Here's Pratt's list of the 10 highest-volume platforms of 2016 and the volume they will account for then.
1. Renault-Nissan X85: 3.9 million units. The X85 is best known for the Nissan Micra and Renault Clio superminis, but it also is used on the Nissan Versa, Juke and Cube. Renault's no-frills Romanian subsidiary, Dacia, uses this versatile platform, too.
2. Volkswagen MQB: 3.86 million units. The MQB, which is just being launched and will be used on a scant 24,000 vehicles in 2010, will provide the mechanicals for nearly all of VW's front-wheel-drive models. The VW Polo, Golf and Passat are likely to generate the biggest volume. Interestingly, the midsized sedan to be produced in VW's new Chattanooga, Tenn., plant will use an older platform instead of the MQB architecture. VW did that to keep the price down.
3. Toyota MC: 3.3 million units. With hot-selling models such as the Camry, RAV4 and Prius, this is the auto industry's largest current platform, with 3 million units in 2010.
4. Ford C1: 2.7 million units. With a diverse model lineup that currently includes the Ford Focus, Mazda3, Volvo C30 and others, this platform is a good example of Ford's One World strategy.

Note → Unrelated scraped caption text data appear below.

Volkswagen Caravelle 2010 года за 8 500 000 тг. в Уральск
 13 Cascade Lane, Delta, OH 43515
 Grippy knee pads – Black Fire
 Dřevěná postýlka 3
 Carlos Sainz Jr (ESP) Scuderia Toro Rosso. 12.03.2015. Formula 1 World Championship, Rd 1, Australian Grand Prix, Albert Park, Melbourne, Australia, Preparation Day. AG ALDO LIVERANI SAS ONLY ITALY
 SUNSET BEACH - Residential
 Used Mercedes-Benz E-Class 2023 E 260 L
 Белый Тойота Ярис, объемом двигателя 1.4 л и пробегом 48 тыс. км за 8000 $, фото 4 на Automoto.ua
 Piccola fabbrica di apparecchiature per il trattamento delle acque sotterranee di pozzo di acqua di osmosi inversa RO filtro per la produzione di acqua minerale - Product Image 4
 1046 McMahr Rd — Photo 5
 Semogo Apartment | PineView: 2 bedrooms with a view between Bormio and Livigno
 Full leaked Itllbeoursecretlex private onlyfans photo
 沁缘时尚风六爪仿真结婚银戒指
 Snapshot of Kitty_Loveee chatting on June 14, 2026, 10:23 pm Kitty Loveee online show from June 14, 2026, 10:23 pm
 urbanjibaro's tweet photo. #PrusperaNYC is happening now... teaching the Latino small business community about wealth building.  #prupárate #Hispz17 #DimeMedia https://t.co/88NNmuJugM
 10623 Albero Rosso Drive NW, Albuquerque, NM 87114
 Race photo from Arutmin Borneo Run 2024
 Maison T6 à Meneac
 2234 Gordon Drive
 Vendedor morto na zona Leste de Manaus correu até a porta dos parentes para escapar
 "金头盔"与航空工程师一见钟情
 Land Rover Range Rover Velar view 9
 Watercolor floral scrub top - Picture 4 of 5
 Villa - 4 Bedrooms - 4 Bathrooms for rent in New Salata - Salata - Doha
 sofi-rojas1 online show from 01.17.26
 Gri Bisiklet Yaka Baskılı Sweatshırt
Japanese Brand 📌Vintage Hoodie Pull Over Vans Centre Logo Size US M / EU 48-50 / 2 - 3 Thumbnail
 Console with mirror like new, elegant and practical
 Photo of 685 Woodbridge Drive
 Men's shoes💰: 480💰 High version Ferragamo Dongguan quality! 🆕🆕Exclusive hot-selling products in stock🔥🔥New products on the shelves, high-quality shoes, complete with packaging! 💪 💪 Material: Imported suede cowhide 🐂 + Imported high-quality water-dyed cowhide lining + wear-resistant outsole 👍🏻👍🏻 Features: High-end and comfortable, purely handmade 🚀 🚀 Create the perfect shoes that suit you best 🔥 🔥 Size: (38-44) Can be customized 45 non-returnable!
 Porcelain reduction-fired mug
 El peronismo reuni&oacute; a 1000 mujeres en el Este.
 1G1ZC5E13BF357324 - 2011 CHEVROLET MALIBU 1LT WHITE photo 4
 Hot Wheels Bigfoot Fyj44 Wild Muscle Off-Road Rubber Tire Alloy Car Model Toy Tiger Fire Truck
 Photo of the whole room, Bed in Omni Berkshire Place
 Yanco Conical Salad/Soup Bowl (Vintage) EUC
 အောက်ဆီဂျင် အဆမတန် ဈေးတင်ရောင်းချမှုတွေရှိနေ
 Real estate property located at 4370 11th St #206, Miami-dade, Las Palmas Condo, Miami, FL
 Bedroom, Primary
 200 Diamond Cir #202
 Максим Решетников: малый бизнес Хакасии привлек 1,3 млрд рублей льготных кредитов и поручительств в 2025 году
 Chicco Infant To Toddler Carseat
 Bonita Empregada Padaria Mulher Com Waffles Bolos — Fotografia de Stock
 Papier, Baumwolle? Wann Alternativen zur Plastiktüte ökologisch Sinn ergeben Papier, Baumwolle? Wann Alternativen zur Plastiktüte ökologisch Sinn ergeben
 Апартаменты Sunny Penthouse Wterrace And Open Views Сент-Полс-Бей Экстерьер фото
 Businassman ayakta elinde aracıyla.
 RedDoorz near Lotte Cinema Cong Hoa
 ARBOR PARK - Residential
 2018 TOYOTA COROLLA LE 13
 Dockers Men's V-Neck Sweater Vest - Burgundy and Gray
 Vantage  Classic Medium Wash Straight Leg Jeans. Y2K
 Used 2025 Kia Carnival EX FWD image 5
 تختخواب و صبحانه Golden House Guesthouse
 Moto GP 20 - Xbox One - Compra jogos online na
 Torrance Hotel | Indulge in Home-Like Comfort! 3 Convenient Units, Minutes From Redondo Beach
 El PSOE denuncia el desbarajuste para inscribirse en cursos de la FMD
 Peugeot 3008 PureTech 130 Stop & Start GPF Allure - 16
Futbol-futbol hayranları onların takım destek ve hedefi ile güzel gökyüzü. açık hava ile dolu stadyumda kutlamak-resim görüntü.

5. Fiat 199: 2.6 million units. This platform underpins the Palio, Punto, Uno and other small cars -- the heart of Fiat's lineup. The Italian automaker plans to introduce Dodge and Chrysler variants.
6. Hyundai HD: 2.5 million units. In North America, this platform supports the Hyundai Elantra and Tucson, plus the Kia Sportage and Forte. As Hyundai gains share in Europe, the United States and China, look for it to move steadily up this list.
7. Toyota NBC: 2.2 million units. This platform, which informally stood for “New Basic Car,” spawned the Yaris supermini and Scion xD, among others. Toyota plans to spin off a small hybrid from this platform.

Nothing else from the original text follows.